# Power series representation, I really need help :-]

1. Dec 1, 2007

### rocomath

[SOLVED] Power series representation, I really need help!!! :-]

please let me know if i did this correctly

$$f(x)=\arctan{(\frac{x}{3})}$$

$$f'(x)=\frac{\frac{1}{3}}{1-(-\frac{x^2}{3^2})}$$

$$\frac{1}{3}\int[\sum_{n=0}^{\infty}\frac{(-1)^{n}x^{2n}}{3^{2n}}]dx$$

$$\frac{1}{3}\int[1-(\frac{x}{3})^{2}+(\frac{x}{3})^{4}-(\frac{x}{3})^{6}+(\frac{x}{3})^{8}+...]dx$$

$$\frac{1}{3}[C+x-\frac{(\frac{x}{3})^{3}}{3}+\frac{(\frac{x}{3})^{5}}{5}-\frac{(\frac{x}{3})^{7}}{7}+\frac{(\frac{x}{3})^{9}}{9}]$$

$$C+\sum_{n=0}^{\infty}\frac{(-1)^{n}x^{2n+1}}{3^{2n+1}(2n+1)}$$

Last edited: Dec 1, 2007
2. Dec 1, 2007

### Avodyne

Yes, it's correct!

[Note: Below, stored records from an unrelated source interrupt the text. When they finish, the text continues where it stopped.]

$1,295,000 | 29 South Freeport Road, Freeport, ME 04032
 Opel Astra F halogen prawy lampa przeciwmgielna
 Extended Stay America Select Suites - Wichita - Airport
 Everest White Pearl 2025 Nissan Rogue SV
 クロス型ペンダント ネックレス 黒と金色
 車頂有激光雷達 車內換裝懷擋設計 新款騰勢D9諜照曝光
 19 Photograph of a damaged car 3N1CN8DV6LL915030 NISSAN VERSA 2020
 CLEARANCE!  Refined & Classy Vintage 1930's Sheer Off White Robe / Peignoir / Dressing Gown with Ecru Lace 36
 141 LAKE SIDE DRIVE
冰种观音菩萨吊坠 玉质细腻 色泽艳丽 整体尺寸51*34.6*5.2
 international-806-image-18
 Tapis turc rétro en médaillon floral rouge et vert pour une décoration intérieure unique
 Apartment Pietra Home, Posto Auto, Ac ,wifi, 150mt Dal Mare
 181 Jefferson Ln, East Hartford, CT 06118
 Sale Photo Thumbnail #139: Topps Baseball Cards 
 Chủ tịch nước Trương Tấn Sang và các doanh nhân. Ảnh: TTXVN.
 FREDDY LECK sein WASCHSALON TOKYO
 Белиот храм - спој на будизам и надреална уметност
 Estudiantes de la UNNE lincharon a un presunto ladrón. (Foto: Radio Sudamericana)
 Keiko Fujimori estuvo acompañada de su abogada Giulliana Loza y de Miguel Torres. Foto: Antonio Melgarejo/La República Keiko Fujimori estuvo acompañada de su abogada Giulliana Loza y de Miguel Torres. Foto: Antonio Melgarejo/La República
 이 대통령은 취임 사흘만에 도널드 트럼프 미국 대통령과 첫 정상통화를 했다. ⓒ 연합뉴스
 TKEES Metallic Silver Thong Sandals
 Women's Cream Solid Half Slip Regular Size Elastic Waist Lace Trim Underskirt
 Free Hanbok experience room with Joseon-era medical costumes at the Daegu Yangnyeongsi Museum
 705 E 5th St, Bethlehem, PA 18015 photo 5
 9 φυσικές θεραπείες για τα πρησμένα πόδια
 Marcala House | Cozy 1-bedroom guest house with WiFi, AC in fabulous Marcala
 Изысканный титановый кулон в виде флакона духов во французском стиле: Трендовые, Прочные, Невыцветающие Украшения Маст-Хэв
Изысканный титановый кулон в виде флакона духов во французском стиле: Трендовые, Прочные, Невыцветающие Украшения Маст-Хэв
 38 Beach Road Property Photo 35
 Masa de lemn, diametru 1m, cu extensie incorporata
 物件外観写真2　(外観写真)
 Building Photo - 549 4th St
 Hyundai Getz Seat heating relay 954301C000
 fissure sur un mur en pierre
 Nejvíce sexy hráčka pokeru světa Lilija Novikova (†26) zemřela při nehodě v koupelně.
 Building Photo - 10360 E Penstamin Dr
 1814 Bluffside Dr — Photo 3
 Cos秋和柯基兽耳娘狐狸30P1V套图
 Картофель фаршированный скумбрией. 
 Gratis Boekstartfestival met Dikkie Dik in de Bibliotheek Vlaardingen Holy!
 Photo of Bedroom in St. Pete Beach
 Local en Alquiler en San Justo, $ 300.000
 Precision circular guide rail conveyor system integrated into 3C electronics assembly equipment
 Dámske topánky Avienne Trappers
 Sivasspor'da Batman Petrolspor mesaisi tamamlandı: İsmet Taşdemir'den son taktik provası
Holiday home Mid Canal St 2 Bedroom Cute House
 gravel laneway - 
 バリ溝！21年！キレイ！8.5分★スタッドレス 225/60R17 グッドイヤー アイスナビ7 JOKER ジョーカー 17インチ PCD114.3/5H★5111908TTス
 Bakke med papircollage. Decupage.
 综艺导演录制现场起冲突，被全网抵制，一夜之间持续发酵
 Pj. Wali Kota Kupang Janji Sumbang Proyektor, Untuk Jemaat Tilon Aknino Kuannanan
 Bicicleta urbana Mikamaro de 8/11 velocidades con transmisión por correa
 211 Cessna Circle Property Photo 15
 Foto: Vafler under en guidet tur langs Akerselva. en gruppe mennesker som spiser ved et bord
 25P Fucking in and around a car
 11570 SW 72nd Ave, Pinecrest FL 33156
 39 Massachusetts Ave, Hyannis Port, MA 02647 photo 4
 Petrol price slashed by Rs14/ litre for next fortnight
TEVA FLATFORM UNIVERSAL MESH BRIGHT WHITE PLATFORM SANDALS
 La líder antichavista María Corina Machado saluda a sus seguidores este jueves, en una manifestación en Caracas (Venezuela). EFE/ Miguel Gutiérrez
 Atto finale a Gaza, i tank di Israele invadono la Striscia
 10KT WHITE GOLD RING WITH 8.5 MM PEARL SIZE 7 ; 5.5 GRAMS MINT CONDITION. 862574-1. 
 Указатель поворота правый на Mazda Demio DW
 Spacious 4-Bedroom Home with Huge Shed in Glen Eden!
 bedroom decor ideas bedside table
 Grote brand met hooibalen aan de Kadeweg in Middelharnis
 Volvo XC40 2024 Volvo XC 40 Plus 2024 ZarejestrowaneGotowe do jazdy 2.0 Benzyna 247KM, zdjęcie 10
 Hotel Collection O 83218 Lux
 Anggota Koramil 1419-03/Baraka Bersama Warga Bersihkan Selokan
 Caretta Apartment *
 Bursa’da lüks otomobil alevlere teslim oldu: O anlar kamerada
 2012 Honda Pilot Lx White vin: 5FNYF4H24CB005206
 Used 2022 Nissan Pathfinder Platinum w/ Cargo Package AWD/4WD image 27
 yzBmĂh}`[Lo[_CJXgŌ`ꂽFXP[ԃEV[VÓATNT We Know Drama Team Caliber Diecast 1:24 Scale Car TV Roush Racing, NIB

And of course, C=0.

To make Sigma bigger, use \sum instead of \Sigma:

$$C+\sum_{n=0}^{\infty}\frac{(-1)^{n}x^{2n+1}}{3^{2n+1}(2n+1)}$$

3. Dec 2, 2007

### rocomath

NO WAY!!! woohoo :-] Thanks, I really appreciate it. This concept is really weird to me, but I'm trying my best.